En los viajes a Alicante hay una serie de tópicos que parece que no somos capaces de superar. El primero de ellos es el de no saber cuándo vamos hasta el último momento. Por ejemplo, podemos descubrirlo a las diez de la noche de cualquier viernes y decidir que no es tarde para escapar. También hay molinos en el camino que acaba en el mar turquesa, pero, sobretodo, hay amor gratis y amor del bueno.
Alicante supone siempre una especie de vuelta a casa. Juan decía que sentía como si ya hubiesen vuelto a casa los chicos, como si hubiese encontrado paz en que estuviésemos todos allí juntos de nuevo. Para mí la sensación también era parecida. "No sé si acabo de marcharme o si hago esto todos los sábados de mi vida", creo que te dije.

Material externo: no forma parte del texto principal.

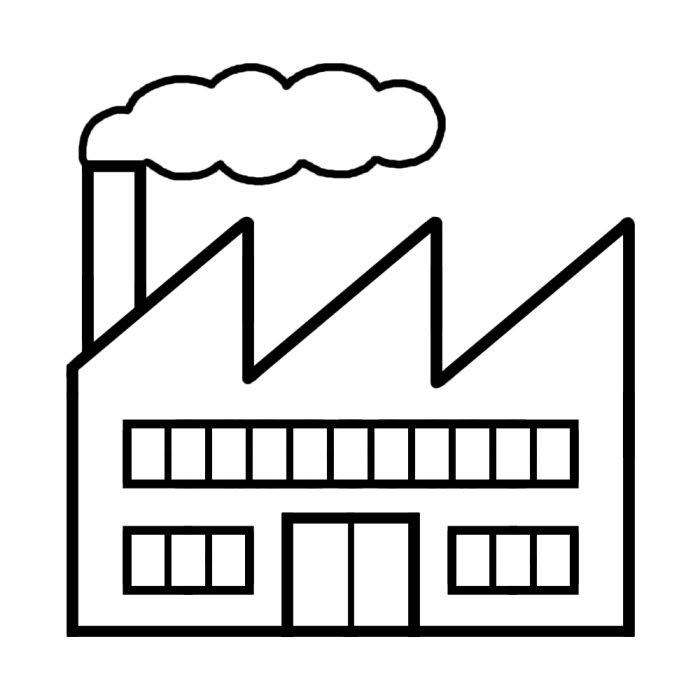 工場 白黒 建物12 乗り物 建物 無料イラスト素材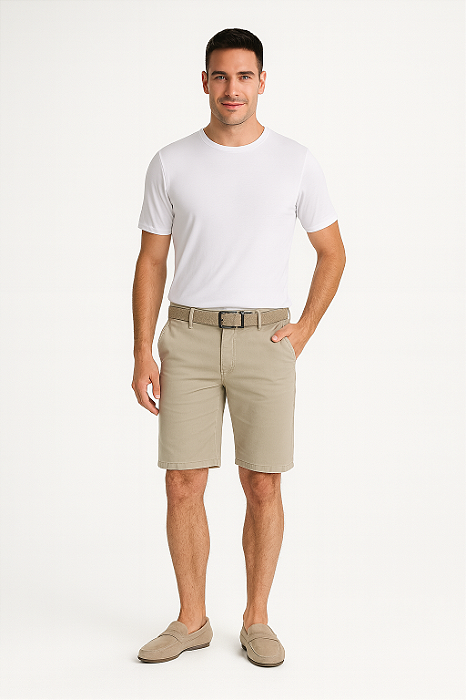 Bermuda Tony Menswear em Sarja com Elastano e Cinto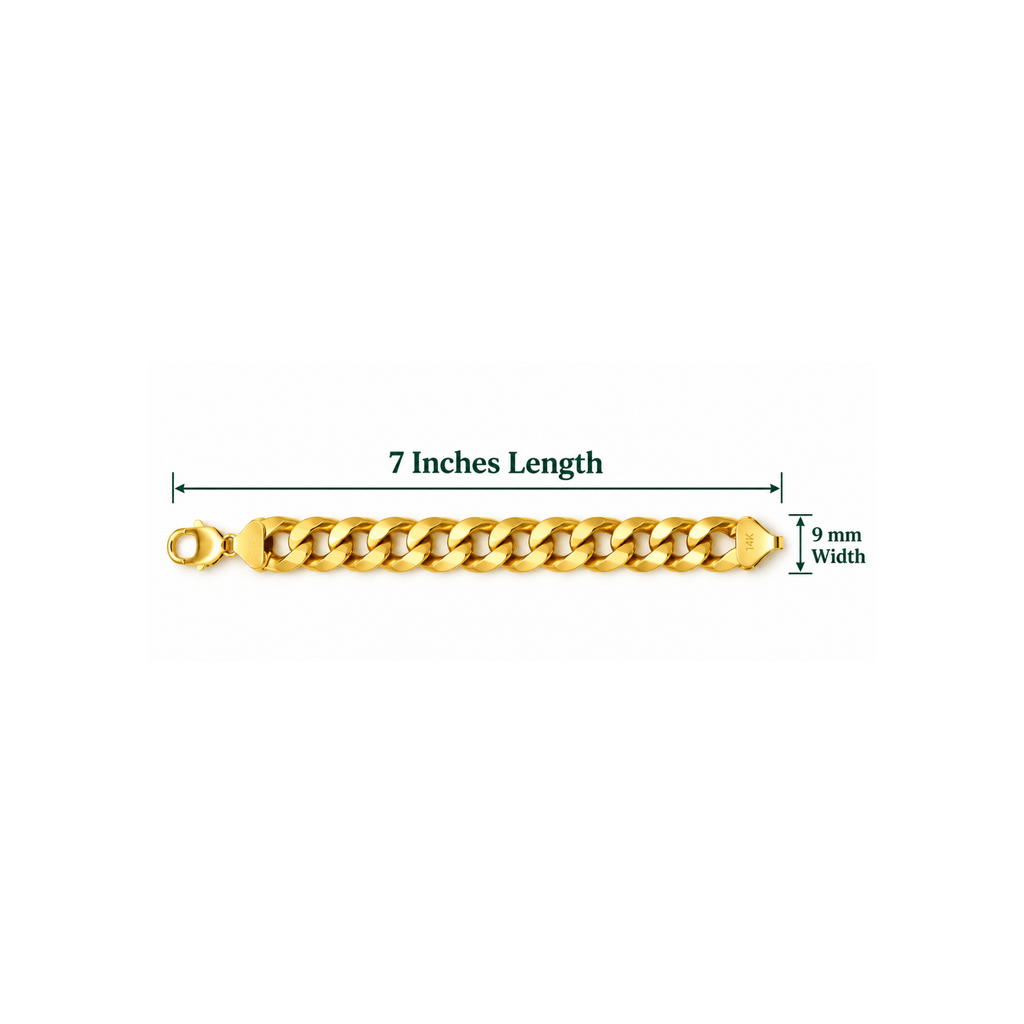 14K Yellow Gold Cuban Link Bracelet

Poner en orden lo vivido siempre es complicado, los brindis con vino, las confidencias, el barrio antiguo, Magdalena, la cama de sábanas azules, los desayunos en la mesa de cristal, tú conduciendo mi coche, los abrazos de Juan, la risa de Magda, las fotos de Triana, la manera de bromear de Luis, Marta durmiendo en mis rodillas y la sonrisa de Carmen mientras los ojos de Joel lo llenan todo, las guitarras sonando en el salón de Rocío, Jimmy quedándose conmigo, la visita a Tabarca y el azul inmaculado contra los peces enormes, la luz, el sol, la arena blanca enredada entre los dedos, la sangría de cava que arranca mis palabras entrecerrándome los ojos, los versos de Juan José Téllez en el balcón mientras te tiras en el suelo, tu manera k.o. de despertar y el café temprano, las manos en la pared blanca de Magda y el gato del vecino asomándose curioso. Es como tener un cofre nuevo lleno de tesoros.
Todo para terminar de nuevo en tópico: en las nubes de la vuelta y tu gesto serio. Como si no fuésemos a volver más o fuese a llover para que nos quedásemos.
(No sé, la cosa es que cuando volvió a aparecer el mar, me dio cierta alegría tonta el pensar que, ésta vez, no acabábamos viaje tan lejos).